The lineups of both teams were as perfect as they can get. Let’s now have a look at how the game progressed.
The gameplay was every bit the thing you can expect from a game of this magnitude. Here’s how it progressed.
England’s Perfect Start
The opening goal scored by England in this game was the fastest ever goal at any final of the Euros. That can be credited to the tactics they used in the game. It was the 3-4-3 setup that made it possible for Harry Kane to drop deep. This was because two people in the midfield, instead of three, provided more space in the middle of the pitch – something that was shown in practice by the way the goal was built up.
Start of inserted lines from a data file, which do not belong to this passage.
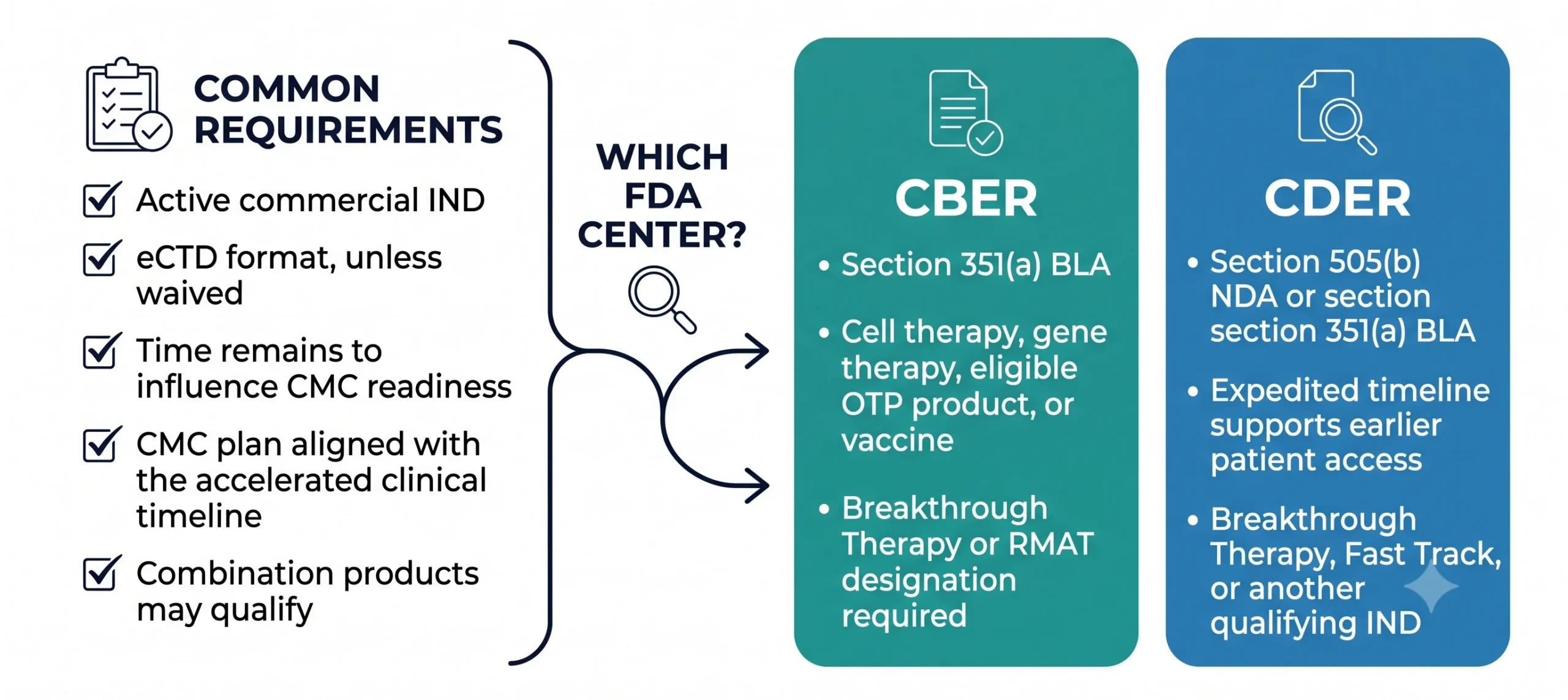 Fda Cber Cder Scaled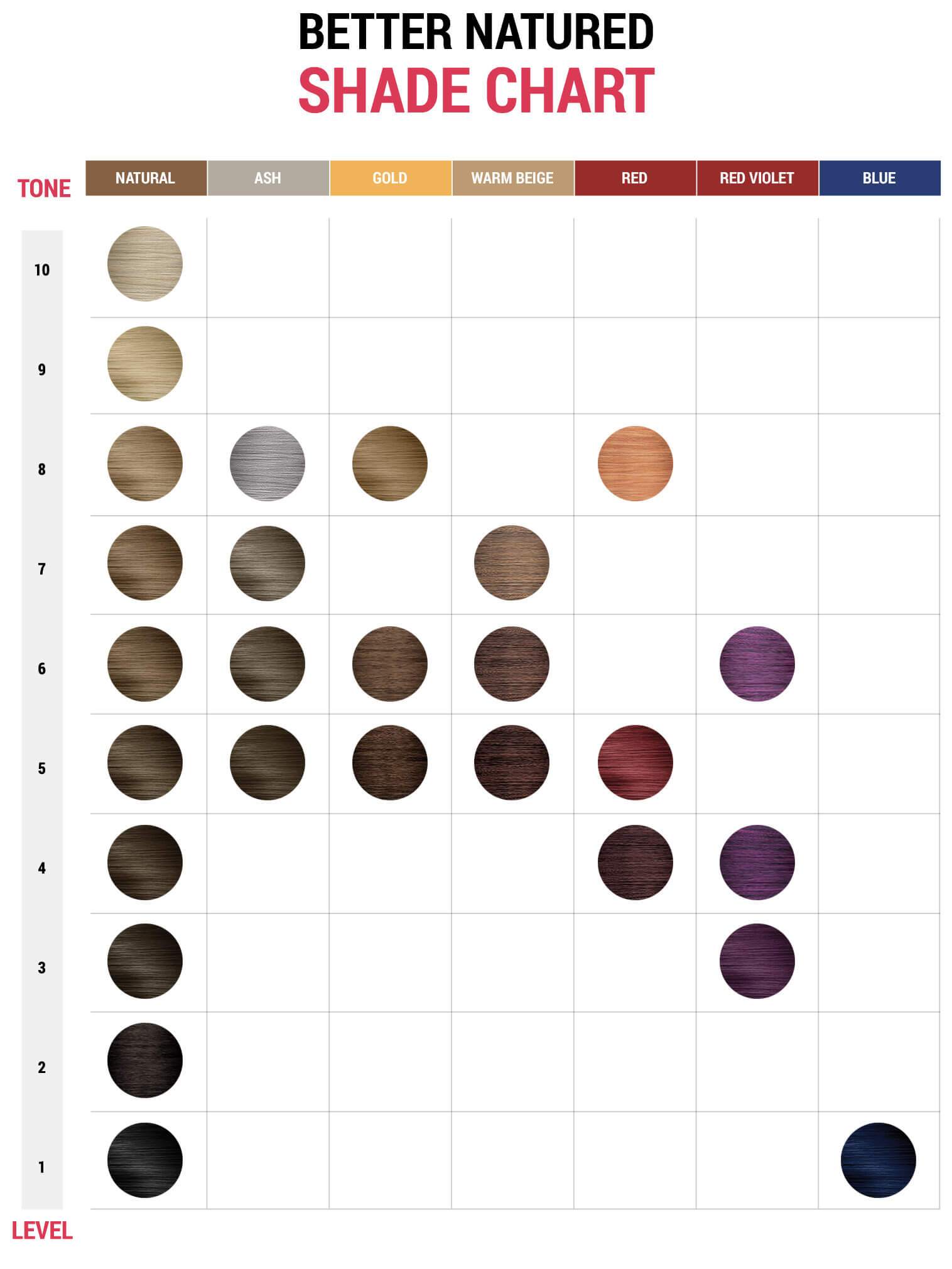 Shade Chart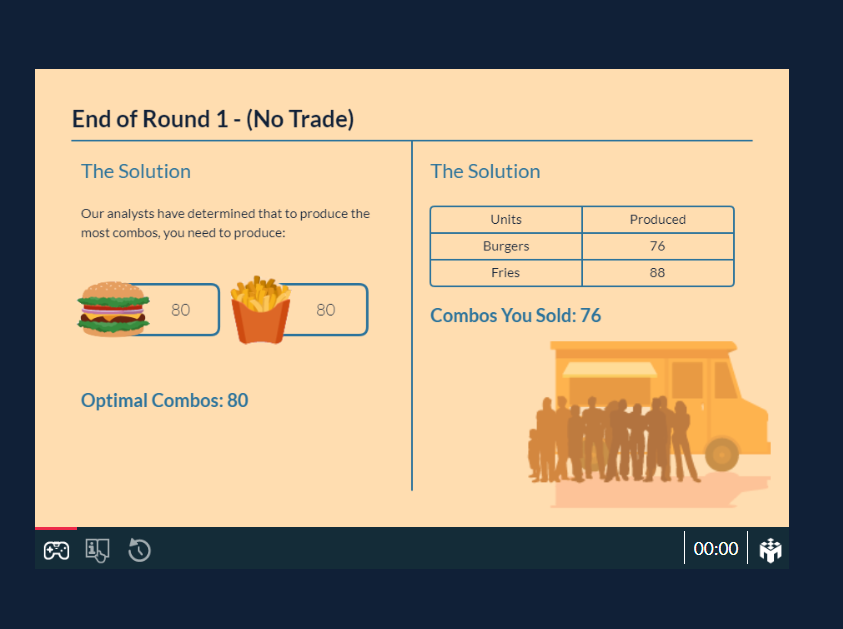 ECO 201 8-1 Project Submission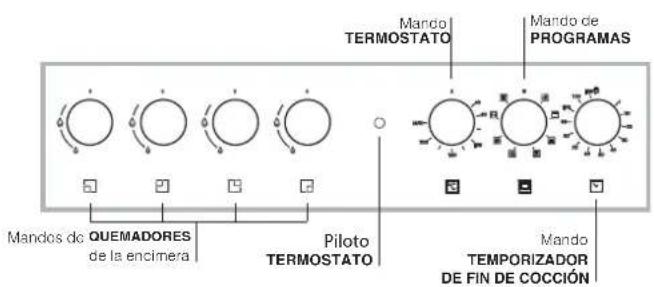 HOTPOINT-ARISTON CP65SP2 - Tabla de caracteristicas de quemadores e inyectores - 2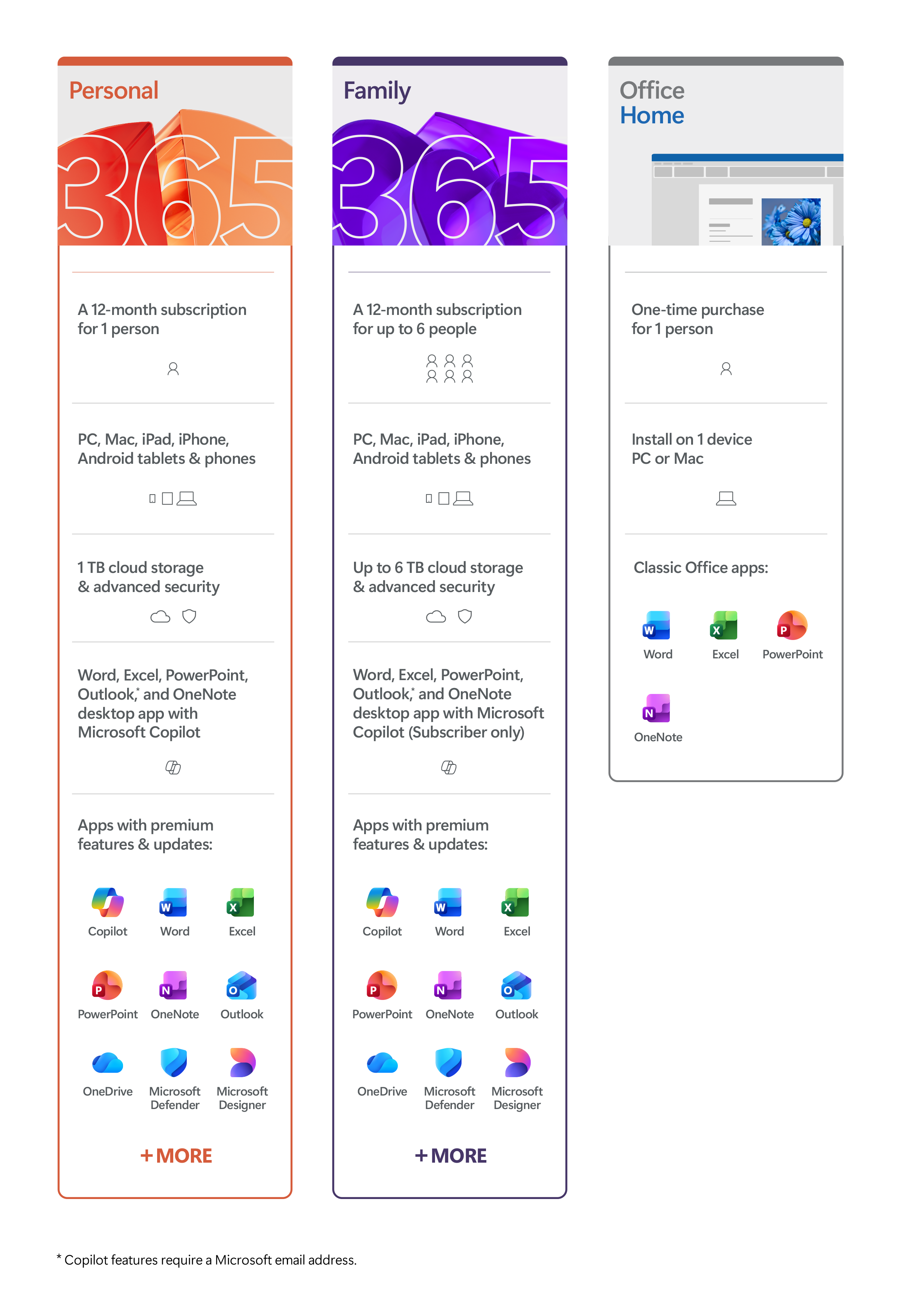 Microsoft Microsoft 365 Personal 12-Month Subscription for 1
Another thing that benefited England was the presence of the two wing-backs and three forwards who could easily overload the back-four of Italy. All that boiled down to Luke Shaw being free at the back post and he delivered an awesome finish to give the English a lead right in the start of the game.
The Italian Retaliation
Anyone with an understanding of football can see that the English did not have a better tactical approach to the game at the start. However, they did add an element of surprise to the game. Even though the teamsheet of the English lineup was leaked a full hour before the match, the Italians still didn’t expect the way the English delivered the game.
England did have a bold start, and they took a massive risk by sending men forward the way they did, but they soon realized that and stopped compromising their defense. This overly conservative approach allowed Italy to gain control of the proceedings as a result. It can be seen from the fact that the Italians retained more than two-thirds of possession following the first 15 minutes of the game, the time when England took a defensive stance.
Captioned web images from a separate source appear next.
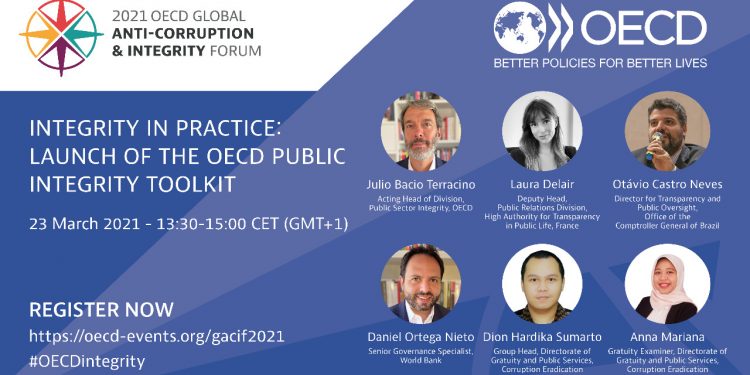 Melalui Aplikasi JAGA, KPK Menerima 2.229 Laporan Dari Masyarakat Terkait Bansos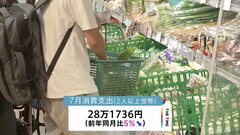 7月「家計消費支出」5%減少 5か月連続でマイナス| TBS CROSS DIG with Bloomberg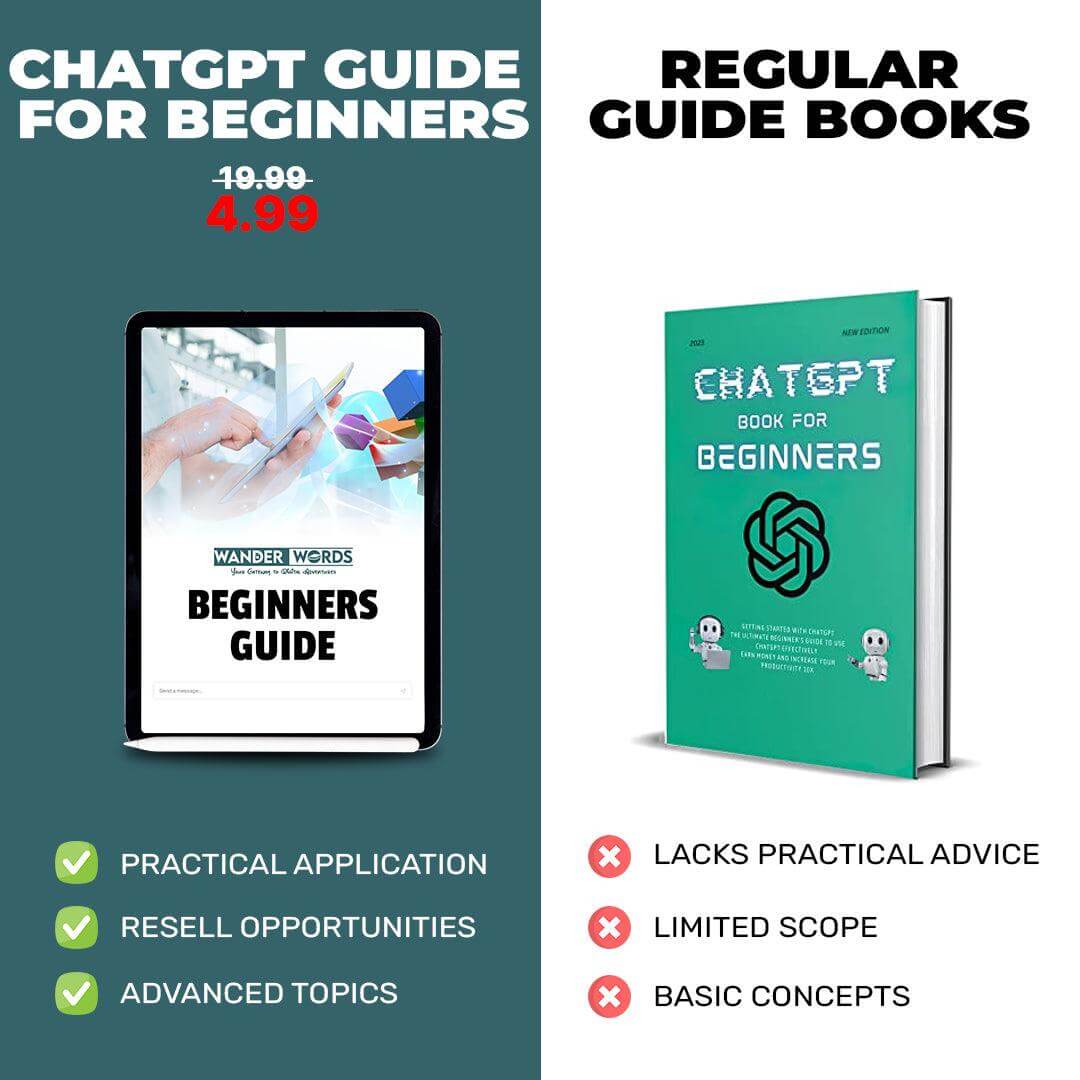 ChatGPT Guide for Beginners - TheWanderWords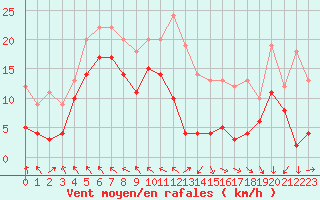 Courbe de la force du vent pour Lyon - Saint-Exupry (69)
England probably did this because they could not press in defense due to their numerical disadvantage. The fact that they had to face a back-four contributed to them dropping back. At that stage, England’s efforts were focused on preventing the progression of the ball centrally by the opposing midfielders. This led to the attackers not man-marking the full-backs.
This configuration had an obvious weakness in the wings, but Italy decided not to exploit it due to two reasons. First, the right side of the build-up system of the Italians included Giovanni di Lorenzo and he had to aid the center-backs, preventing him from an overlapping attack. Second, the left side could not play as effectively as they could have because of the absence of Leonardo Spinazzola due to his Achilles tendon injury.
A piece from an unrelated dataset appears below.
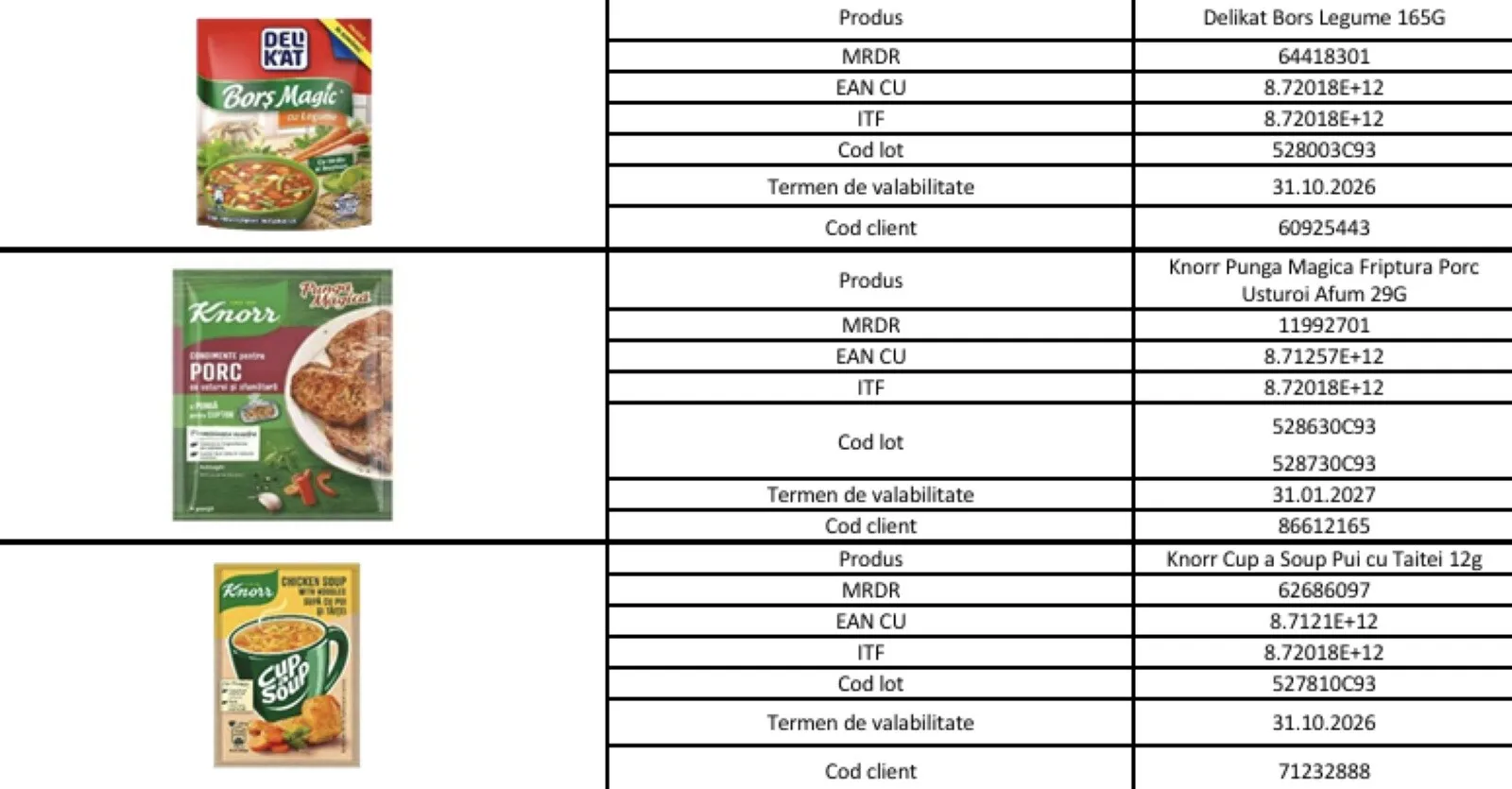 selgros alimente retrase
The next notable moment in the game was Ciro Immobile being replaced by Domenico Berardi in the 55th minute. Italy decided to give the central attacking role to Lorenzo Insigne. This improved the possession game of Italy even more as Insigne was way happier than Immobile to drop deep.
England’s Questionable Decision
With the clock at 74 minutes, Trippier was taken off for Bukayo by Manager Southgate as he changed the formation to 4-2-3-1. This decision was not the best for England, to say the least. It deprived them of the main attacking weapons that they had, the wing-backs. England was still putting up a fight, but that proved inadequate to bag them the win.
It can be said that England got rewarded for their superior tactical strategy too early in the game. If they had not scored in the second minute, Southgate would not have changed the formation, weakening the attacking power.
However, it all came down to penalties for deciding the game, which is the single most painful thing about any final. Lastly, it was probably the mounting pressure that led to England losing the game. Italy coped better with the emotional outcomes of the way the game progressed because they had already undergone a similar situation a few days back.